Maybe I am weak because so many people are able to live by themselves. But then I ask those people, do you have a job where you socialize and talk to people? Because I don’t have that. do you have an animal at home or a roommate to keep you company? Because I don’t have that. I wake up alone. I study alone. I cry alone. I cook alone. I eat alone. I go to school and see other humans 8 hours every week. That would be like working one day every week and thats the only time you got to talk to anyone other than the weekends.
There is such a huge part of me missing and I just want it back. I want to feel motivated and concentrated and involved in my school work. I want to feel close to my husband and know that I have friends and family that know my suffering. I need a weekday support group, and I don’t have that. I want my husband so badly. I hate this feeling.

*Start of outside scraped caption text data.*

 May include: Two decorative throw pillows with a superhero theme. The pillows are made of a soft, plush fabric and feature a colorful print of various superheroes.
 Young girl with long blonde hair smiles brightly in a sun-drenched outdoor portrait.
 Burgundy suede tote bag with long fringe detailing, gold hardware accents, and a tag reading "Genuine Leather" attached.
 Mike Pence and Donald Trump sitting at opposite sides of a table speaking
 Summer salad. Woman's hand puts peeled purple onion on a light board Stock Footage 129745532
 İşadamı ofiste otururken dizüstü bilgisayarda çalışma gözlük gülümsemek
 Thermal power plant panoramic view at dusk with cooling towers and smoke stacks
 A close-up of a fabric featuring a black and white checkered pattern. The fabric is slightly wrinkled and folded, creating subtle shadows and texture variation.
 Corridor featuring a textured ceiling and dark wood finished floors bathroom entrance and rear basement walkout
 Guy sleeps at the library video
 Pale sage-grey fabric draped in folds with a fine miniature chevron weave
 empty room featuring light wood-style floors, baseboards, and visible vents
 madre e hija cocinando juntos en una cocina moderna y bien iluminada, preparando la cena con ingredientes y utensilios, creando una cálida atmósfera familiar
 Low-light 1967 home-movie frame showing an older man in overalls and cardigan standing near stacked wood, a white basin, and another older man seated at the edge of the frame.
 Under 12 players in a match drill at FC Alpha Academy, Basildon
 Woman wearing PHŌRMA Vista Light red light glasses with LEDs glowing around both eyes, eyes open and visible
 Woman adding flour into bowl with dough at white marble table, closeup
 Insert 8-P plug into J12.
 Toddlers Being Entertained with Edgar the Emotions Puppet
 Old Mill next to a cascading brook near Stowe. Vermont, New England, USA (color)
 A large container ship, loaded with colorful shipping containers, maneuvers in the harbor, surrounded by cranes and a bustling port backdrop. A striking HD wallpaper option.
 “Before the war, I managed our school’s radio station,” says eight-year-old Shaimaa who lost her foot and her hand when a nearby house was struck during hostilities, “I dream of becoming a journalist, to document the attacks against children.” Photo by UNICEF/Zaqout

I do not like this feeling. But I do not know how to improve my motivation and decrease my sadness. I get upset so quickly. My patience is so thin. I feel constantly stressed. My sleep schedule is limited and sporadic but I am still sleeping. So I guess thats a good sign. I wouldn’t label it depression because I know the reason for my sadness. I just really do not know how to stop feeling this way. And I don’t know if I can keep feeling this way for the remainder without seeking treatment. I just don’t want to.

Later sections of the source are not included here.